## Dataset content
○ ○ ○
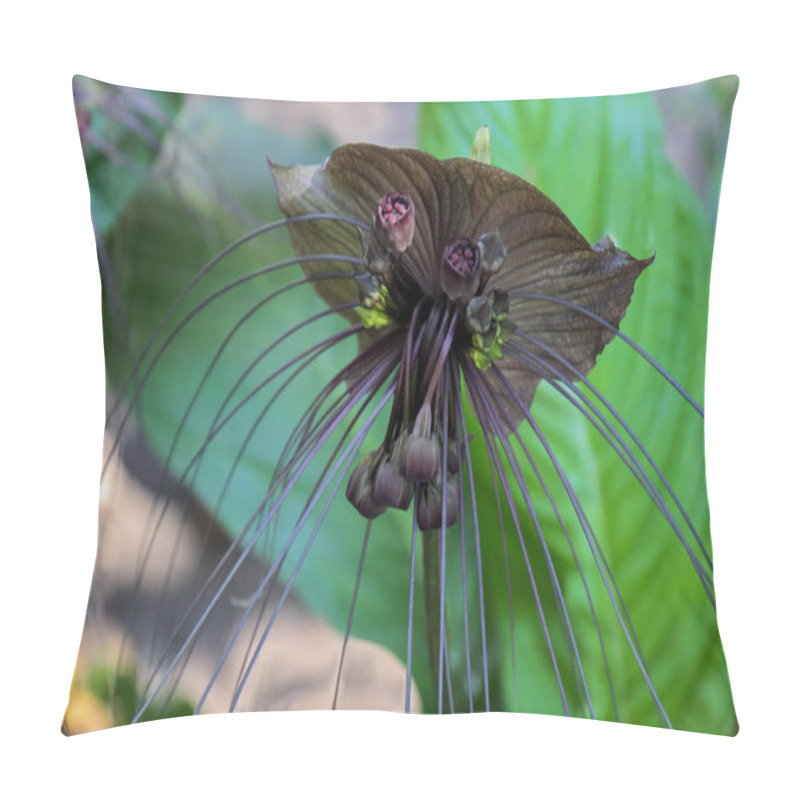 Personality  Black Bat Flower Or Tacca Chantrieri  Pillow Covers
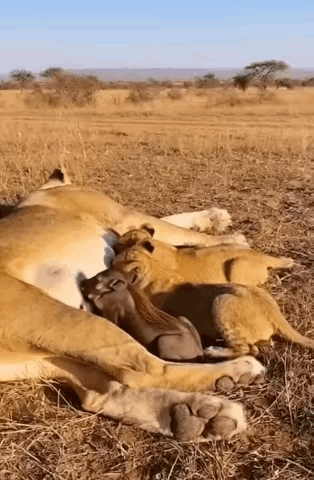 这应该是大草原上最危险的行为了！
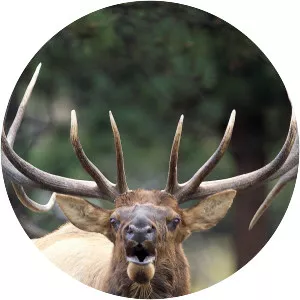 Ruger's Adventures - TV program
○ ○ ○
## What to do
Your reply should hold every line above exactly as written and none of the pictures.

## Expected output
 Personality  Black Bat Flower Or Tacca Chantrieri  Pillow Covers
 这应该是大草原上最危险的行为了！
 Ruger's Adventures - TV program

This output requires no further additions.